### Input data:
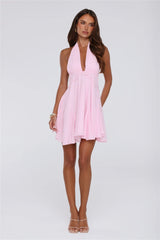 Poppy Kiss Halter Mini Dress Pink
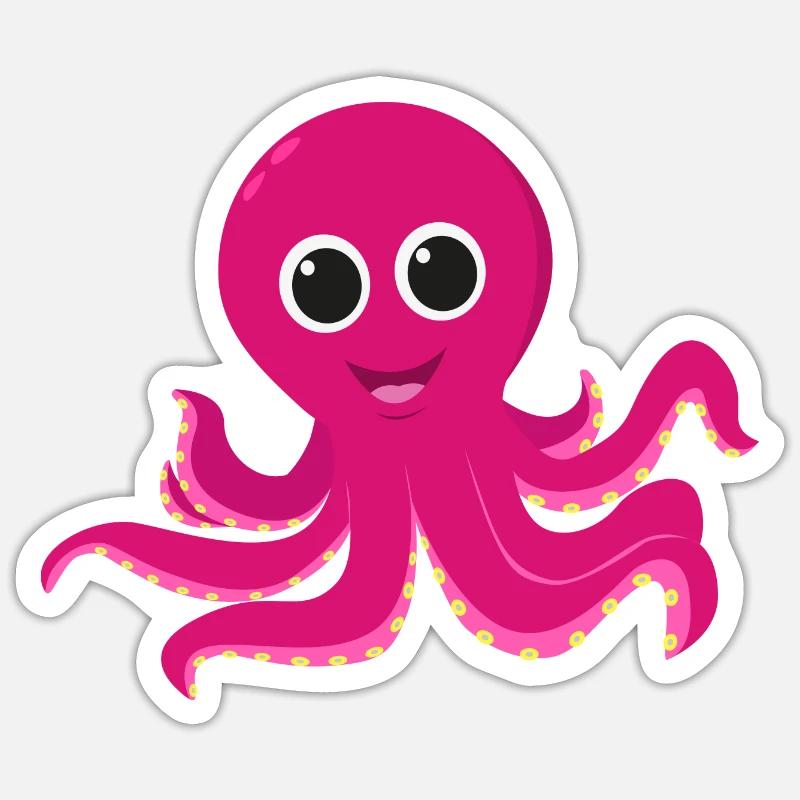 Octopus Octopus Tentacle - Sticker size S (10 x 10 cm) - white matte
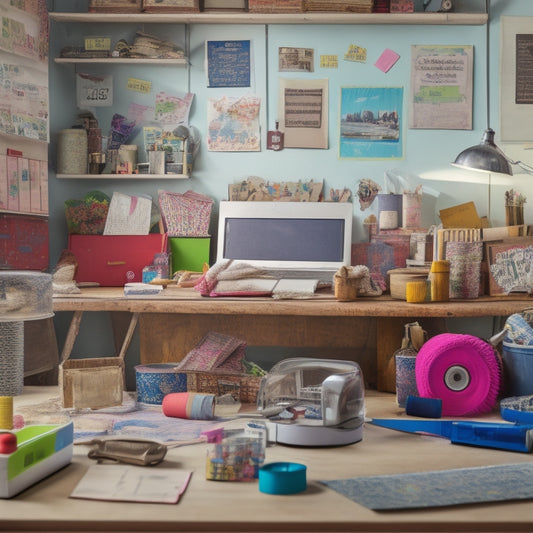 A colorful, clutter-free workspace with scissors, glue, and rolls of stickers in the foreground, surrounded by DIY garage sale signs, price tags, and a few vintage items in the background.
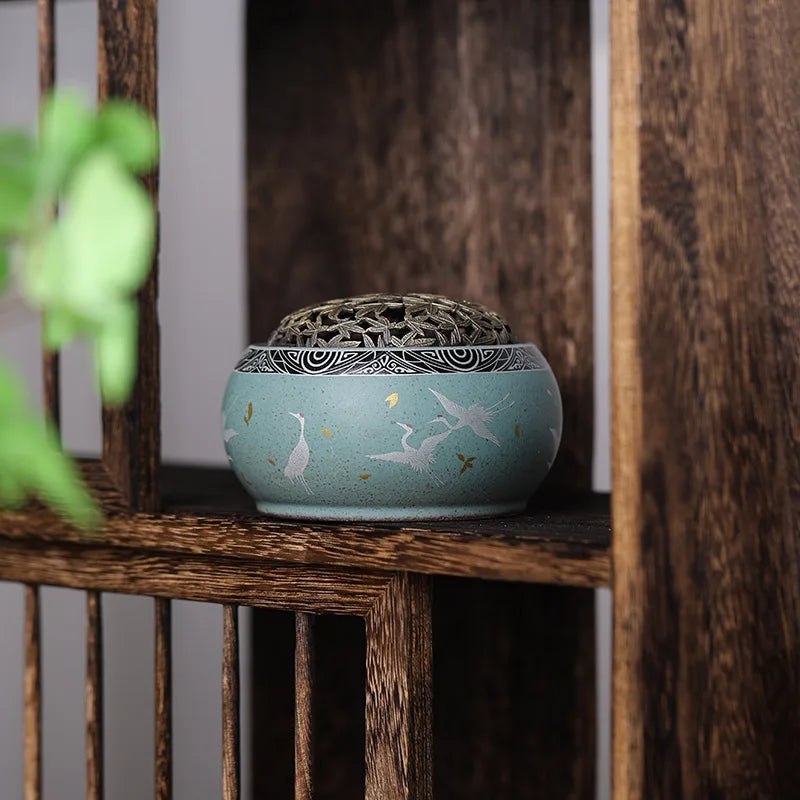 Xianhe Ceramic Aromatherapy Stove Decoration Home Indoor Tea Ceremony Incense Seat Alloy Copper Aromatherapy Stove Oasis Select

### Assigned task:
In your reply, every line of the material should appear exactly as written, and no picture should.

### Solution to this exercise:
 Poppy Kiss Halter Mini Dress Pink
 Octopus Octopus Tentacle - Sticker size S (10 x 10 cm) - white matte
 A colorful, clutter-free workspace with scissors, glue, and rolls of stickers in the foreground, surrounded by DIY garage sale signs, price tags, and a few vintage items in the background.
 Xianhe Ceramic Aromatherapy Stove Decoration Home Indoor Tea Ceremony Incense Seat Alloy Copper Aromatherapy Stove Oasis Select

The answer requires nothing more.